To-do lists are effective time-management tools – but only if they’re easy to use. Here are six strategies for making your to-do lists work hard for you.

1. Keep it simple.

Whether you use a computer-based to-do list or a paper tablet, it must be simple. If it’s too complex, you won’t use it… guaranteed. I keep my to-do lists on a 5″ x 7″ paper tablet. I list “major” tasks to be accomplished, with big sub-steps underneath each one. For example, “Edit The Golden Thread e-letter for AWAI” is a major task of mine. “Write main article,” “write Quick Tip,” and “write Introduction” are big sub-steps.

Note: A major task is not necessarily one that takes a long time.

2. Limit yourself.

Small paper tablets work well, because there’s a limit to how much you can write on a page. I stick to a maximum of 10 tasks, all of which can be accomplished within a week of when I list them.

3. Set a due date – and stick to it.

Due dates help prioritize what you do and when. Do not work on tasks in the order in which you write them down.
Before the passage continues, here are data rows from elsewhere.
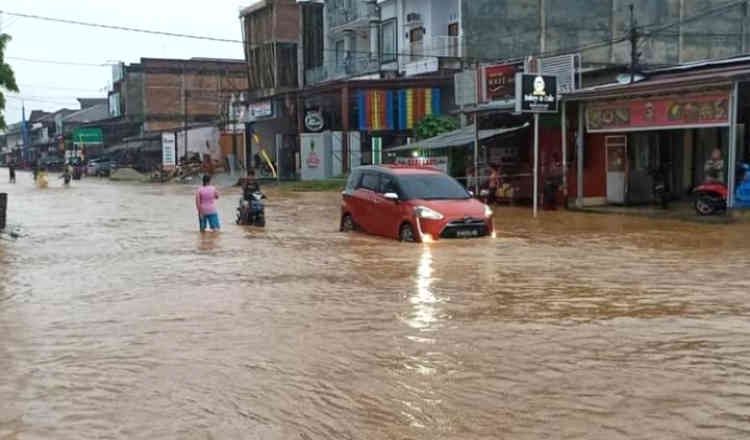 Ilustrasi banjir Banyuwangi [Foto: Suaraindonesia]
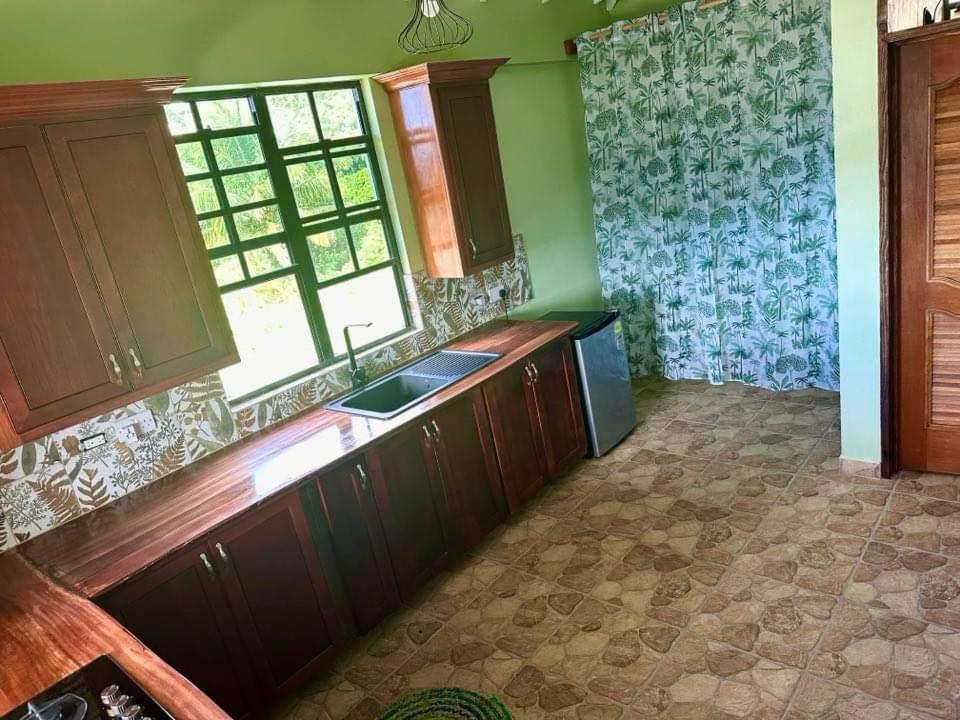 Orchid Resort Ltd Guillet Zewnętrze zdjęcie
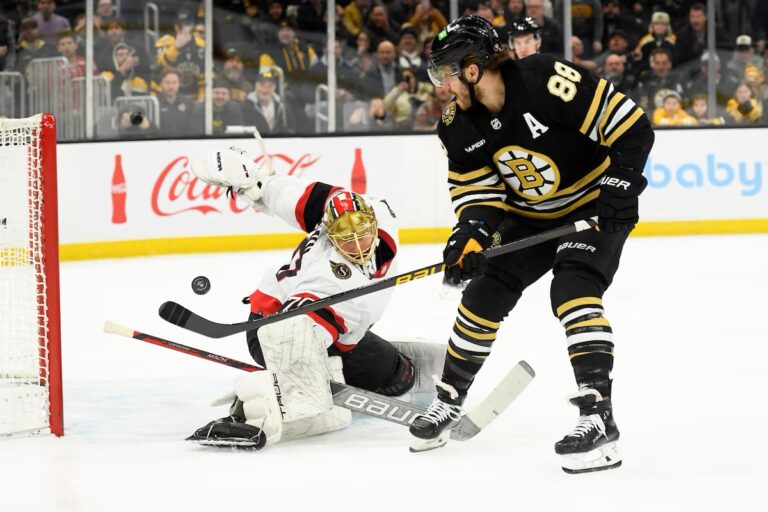 Dāvids Pastrņāks un Jonass Korpisalo, Bostonas "Bruins" un Otavas "Senators", hokejazinas.com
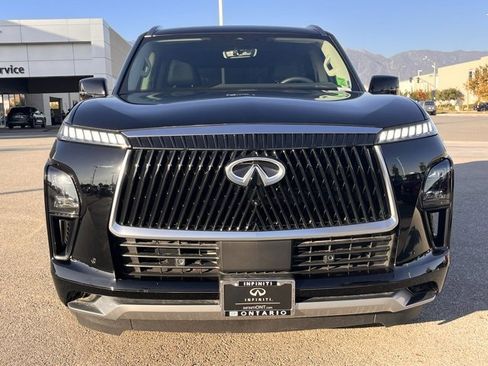 Certified 2025 INFINITI QX80 Luxe image 4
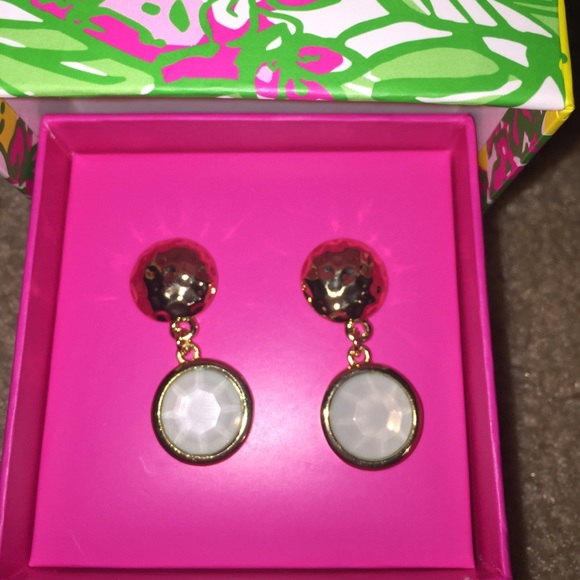 Shorley blue earrings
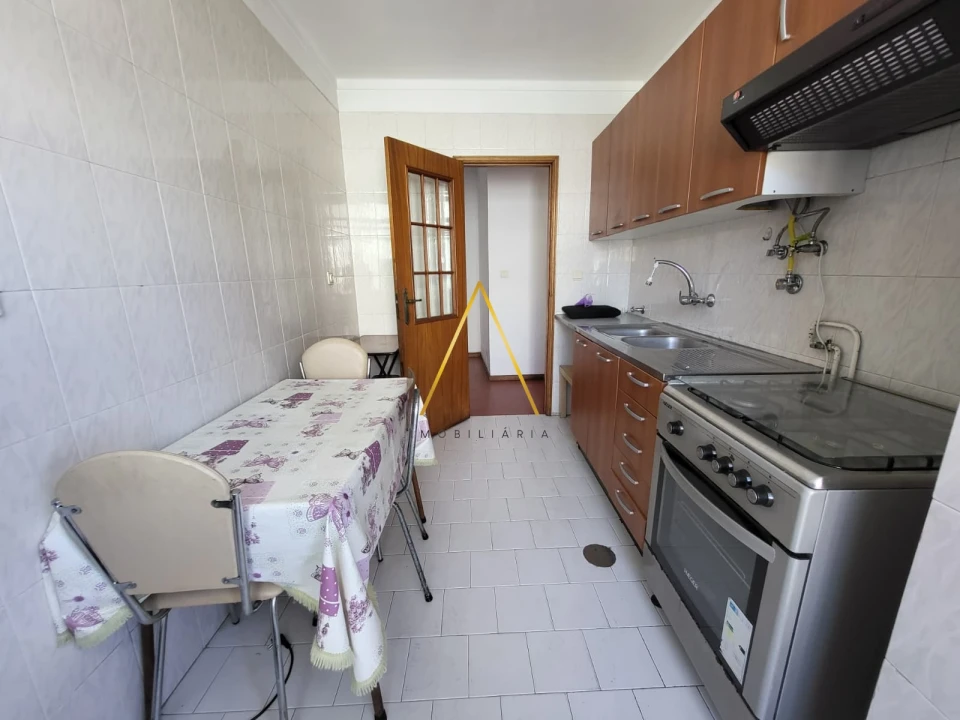 Apartamento T3 para Venda em Viseu Foto 2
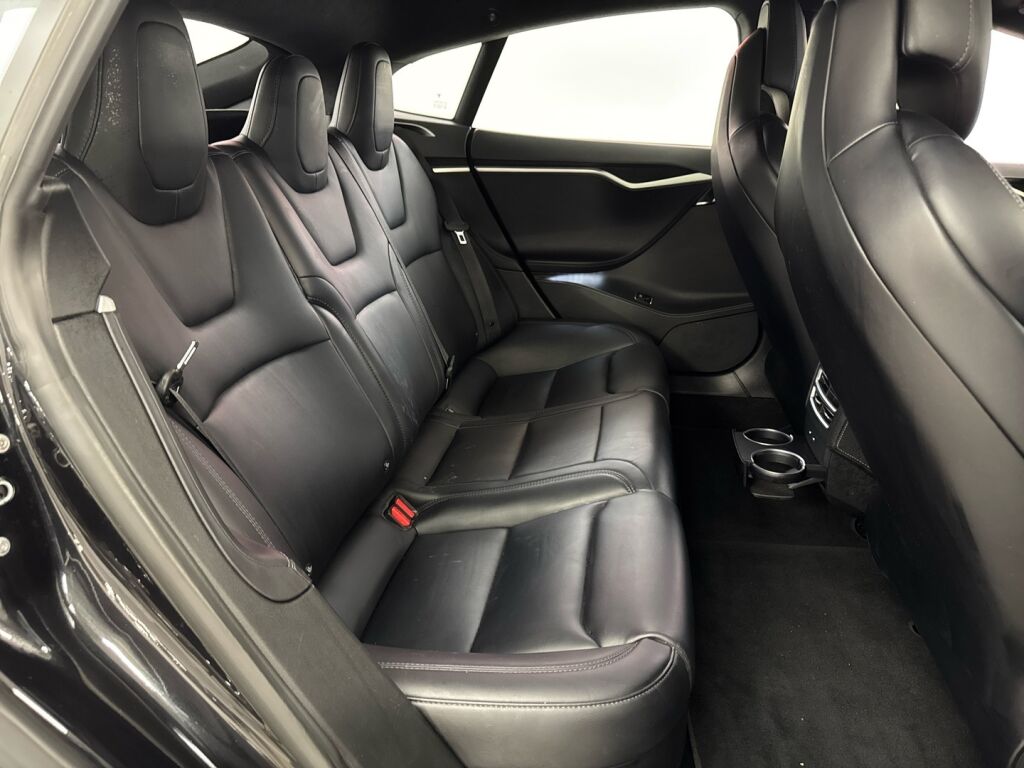 Tesla Model S 2017 Musta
Jot down the due date beside each one, and do them in the order of their deadlines.

4. Use a dark marker to reinforce your feeling of accomplishment.

Cross off sub-steps as you complete them with a regular pen. Use a dark marker to cross off the major tasks. Boy, does it feel good!

5. Redo the list every workday.

Do it every evening. This gives you a clear idea of what you have to do before the end of the next day.

6. Add “pop-ups” to your list.

When something pops up during the day that has to be attended to (such as an important phone call), add it to your to-do list – even if you’ve already done it. Then cross it off. To-do lists not only tell you what you have to do, they can tell you if you’re using your time well.